Two suspects in the attacking of the Charlie Hebdo building were killed Friday after several hours in a standoff with French police.
The suspects, identified as Cherif and Said Kouachi, emerged from a printing company building in Dammartin-en-Goele, a small town about 20 miles from Paris, and began firing at police before being fatally shot themselves, multiple news outlets reported. They held one hostage captive in the building, and two police officers were injured in the incident, BBC said.
Sylvain Gaulier, a Suffolk University graduate and former Journal staff writer who now lives in Lille, France, said emotions regarding the death of the brothers are mixed across the country.
“I heard on the radio a Charlie Hebdo journalist regretting the fact there won’t be a trial. However, another Charlie columnist and Doctor Patrick Pelloux disagreed and did not think a trial would have given explanations to people and they could have convinced other people in jail,” Gaulier said. “I agree with Pelloux, I don’t feel much empathy for the killers and I don’t believe a trial would have been important.”
While the two Charlie Hebdo attackers were cornered by police, another situation erupted in Paris when a gunman entered a Jewish kosher supermarket, according to multiple news sources. Hours later, several hostages were freed from the supermarket after five small explosions went off, but four hostages and the gunman were killed, BBC said.
The gunman, who BBC identified as Amedy Coulibaly, 32, had gone into the supermarket with two automatic weapons. Coulibaly is also believed to be the man who killed a policewoman on Thursday.
Police have also issued a warrant for Hayat Boumeddiene, 26, for aiding Coulibaly, according to the Wall Street Journal. According to BBC, Boumeddiene is still on the run.
According to CBS News, one worker for the printing company was hiding inside the building throughout the standoff, unknown to the brothers. Throughout the standoff, the man was on the phone with police feeding them information.
“The media said the brothers who killed the journalists have been in the American blacklist of terrorists for a long time,” Gaulier said. “So of course, the people here are asking themselves questions, such as, why didn’t the government try to do something like this before with this kind of record?”
The Kouachi brothers are linked to militant groups, according to USA Today, as they shouted Islamist slogans throughout the attack on Wednesday.
According to the Wall Street Journal, only one of the Kouachi brothers possess an extensive criminal record.
In 2011, Said trained under al Qaeda in the Arabian Peninsula. He returned to France later that year. According to French officials who spoke to the Wall Street Journal, there is no evidence al Qaeda ordered or directed the attack.
Cherif, who is the younger of the two brothers, appeared on the U.S. list of suspected terrorists and was listed on the U.S. government’s no-fly list, according to the Wall Street Journal.
BBC reported both of the brothers grew up in an orphanage in Brittany, France, and Cherif did not convert into a radical Islam until al Qaeda ideology was introduced to him at a Mosque by a preacher. The Wall Street Journal said he was preparing to join others in 2004 who were preparing to fight U.S. troops in Iraq, but was stopped by the French government.

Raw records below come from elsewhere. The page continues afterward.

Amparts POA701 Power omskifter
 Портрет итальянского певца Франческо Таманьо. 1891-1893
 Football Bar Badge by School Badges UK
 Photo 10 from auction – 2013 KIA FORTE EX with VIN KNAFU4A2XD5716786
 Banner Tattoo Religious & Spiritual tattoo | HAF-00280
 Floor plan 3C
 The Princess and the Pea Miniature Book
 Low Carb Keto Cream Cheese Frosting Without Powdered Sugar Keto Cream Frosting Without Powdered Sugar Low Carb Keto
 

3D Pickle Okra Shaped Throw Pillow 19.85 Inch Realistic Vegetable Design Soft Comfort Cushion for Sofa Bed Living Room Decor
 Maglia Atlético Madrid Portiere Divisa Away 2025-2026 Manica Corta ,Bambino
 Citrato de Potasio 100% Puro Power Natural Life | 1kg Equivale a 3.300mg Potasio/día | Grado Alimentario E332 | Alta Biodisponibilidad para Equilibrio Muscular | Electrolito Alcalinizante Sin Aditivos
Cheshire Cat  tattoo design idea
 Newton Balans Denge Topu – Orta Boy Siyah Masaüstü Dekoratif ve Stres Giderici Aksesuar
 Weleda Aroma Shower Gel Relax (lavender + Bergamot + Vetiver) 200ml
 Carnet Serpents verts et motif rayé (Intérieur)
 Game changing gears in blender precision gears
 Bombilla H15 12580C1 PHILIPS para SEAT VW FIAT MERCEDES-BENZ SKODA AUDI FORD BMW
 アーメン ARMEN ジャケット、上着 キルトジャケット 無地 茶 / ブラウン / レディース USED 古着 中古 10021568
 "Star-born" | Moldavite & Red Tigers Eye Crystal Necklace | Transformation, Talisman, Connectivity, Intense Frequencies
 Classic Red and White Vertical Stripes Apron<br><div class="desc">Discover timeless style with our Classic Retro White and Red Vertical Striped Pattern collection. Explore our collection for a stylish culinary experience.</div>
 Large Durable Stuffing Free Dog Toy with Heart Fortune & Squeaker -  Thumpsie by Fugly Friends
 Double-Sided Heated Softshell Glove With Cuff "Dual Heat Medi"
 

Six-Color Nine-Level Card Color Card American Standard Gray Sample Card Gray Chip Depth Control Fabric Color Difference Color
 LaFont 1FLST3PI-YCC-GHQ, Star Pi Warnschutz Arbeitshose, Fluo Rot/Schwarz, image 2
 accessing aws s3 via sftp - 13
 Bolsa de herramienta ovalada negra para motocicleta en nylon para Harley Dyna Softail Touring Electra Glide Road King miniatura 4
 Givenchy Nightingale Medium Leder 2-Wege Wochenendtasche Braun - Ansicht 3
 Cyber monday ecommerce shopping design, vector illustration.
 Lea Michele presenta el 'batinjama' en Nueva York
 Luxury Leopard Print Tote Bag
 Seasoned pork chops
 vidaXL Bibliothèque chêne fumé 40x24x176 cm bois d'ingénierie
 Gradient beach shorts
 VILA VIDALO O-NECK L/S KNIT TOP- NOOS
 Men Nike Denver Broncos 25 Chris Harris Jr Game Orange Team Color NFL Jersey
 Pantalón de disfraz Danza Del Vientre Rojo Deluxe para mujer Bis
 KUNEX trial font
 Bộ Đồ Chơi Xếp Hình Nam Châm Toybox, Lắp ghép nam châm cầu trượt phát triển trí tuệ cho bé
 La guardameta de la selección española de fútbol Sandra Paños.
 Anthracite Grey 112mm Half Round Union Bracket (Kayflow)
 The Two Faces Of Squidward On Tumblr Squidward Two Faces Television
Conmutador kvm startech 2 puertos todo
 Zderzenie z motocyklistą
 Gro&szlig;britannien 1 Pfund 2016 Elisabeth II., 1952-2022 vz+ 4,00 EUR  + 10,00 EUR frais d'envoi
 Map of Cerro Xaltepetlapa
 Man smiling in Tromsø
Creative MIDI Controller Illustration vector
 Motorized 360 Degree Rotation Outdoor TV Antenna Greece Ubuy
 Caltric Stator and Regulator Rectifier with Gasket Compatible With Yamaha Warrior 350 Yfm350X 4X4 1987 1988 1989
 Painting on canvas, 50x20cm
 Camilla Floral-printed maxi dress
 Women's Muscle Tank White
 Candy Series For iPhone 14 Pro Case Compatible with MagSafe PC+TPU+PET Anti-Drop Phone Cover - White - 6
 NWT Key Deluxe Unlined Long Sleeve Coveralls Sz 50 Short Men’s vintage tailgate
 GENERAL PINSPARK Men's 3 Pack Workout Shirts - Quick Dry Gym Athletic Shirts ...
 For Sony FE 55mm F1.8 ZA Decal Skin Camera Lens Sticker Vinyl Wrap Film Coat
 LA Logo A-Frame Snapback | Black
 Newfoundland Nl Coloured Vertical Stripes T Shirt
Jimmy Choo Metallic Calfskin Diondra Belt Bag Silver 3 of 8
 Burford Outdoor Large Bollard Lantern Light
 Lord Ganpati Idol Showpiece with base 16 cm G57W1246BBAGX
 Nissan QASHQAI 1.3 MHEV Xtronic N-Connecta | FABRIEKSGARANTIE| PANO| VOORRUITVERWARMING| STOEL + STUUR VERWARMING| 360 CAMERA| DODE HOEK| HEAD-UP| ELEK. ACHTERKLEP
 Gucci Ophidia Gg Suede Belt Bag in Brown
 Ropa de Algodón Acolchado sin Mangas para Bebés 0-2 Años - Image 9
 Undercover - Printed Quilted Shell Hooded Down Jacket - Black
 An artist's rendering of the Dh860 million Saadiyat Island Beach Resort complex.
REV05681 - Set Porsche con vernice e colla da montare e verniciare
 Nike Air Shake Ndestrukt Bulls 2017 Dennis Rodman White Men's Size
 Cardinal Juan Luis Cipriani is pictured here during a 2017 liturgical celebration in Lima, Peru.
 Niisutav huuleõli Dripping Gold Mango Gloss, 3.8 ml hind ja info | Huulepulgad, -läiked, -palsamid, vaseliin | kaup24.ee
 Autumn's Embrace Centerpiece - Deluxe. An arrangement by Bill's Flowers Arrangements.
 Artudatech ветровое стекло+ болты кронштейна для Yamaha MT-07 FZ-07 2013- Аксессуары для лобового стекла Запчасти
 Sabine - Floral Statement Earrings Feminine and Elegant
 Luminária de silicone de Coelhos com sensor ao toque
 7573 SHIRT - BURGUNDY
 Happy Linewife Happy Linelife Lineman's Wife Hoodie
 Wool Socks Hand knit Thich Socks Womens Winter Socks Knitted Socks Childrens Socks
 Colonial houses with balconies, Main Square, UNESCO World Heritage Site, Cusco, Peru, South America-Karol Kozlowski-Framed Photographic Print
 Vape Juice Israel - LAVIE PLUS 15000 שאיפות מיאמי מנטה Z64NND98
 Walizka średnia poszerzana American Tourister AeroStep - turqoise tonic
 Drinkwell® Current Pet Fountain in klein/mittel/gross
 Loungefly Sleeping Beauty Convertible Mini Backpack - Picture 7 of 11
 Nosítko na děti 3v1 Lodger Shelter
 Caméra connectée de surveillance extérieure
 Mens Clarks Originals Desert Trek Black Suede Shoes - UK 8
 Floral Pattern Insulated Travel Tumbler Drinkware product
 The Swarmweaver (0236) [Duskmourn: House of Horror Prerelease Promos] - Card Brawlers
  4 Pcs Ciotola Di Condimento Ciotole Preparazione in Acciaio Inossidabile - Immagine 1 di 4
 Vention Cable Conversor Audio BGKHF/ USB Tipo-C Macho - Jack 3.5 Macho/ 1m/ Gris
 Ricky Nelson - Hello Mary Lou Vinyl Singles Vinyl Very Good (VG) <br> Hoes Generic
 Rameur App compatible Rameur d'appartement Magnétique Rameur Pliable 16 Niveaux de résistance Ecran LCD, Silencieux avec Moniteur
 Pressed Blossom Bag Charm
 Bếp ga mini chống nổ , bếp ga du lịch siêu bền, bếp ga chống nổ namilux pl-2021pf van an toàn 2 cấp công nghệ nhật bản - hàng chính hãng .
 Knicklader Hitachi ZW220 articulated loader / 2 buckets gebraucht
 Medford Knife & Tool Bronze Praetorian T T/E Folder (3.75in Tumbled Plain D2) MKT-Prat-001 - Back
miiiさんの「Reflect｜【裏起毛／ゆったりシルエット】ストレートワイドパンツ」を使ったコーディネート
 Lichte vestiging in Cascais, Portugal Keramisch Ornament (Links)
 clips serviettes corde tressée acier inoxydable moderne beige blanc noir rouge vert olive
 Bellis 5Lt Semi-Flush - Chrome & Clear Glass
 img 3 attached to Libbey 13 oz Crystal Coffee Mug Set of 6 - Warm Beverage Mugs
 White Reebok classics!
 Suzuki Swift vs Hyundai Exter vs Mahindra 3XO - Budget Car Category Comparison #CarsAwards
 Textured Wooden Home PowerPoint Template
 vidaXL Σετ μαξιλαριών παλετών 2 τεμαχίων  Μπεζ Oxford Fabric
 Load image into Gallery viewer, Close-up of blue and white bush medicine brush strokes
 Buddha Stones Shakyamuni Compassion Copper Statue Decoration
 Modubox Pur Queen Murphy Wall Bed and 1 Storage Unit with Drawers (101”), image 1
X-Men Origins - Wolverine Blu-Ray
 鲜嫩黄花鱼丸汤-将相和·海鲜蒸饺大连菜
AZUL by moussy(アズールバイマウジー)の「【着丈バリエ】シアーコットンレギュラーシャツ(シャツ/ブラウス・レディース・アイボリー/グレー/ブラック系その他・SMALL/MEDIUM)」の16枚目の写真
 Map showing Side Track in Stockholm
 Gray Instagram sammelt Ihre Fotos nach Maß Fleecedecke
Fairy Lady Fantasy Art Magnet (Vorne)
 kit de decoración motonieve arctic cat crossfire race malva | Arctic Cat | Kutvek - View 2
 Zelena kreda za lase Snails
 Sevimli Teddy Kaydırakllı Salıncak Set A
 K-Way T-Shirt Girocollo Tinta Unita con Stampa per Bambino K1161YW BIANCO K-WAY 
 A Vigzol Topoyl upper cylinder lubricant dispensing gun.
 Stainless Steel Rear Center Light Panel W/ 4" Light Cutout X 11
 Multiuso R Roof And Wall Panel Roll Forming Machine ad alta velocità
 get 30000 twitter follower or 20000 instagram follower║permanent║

In 2008, Cherif was sentenced to prison for belonging to a terror group, yet he never actually went to prison, according to BBC. Two years later , he was suspected of plotting a convicted terrorist escape from prison. He went to court, but because of the lack of evidence, he was set free. Since then, there hasn’t been any record of criminal activity until Wednesday’s attack on Charlie Hebdo.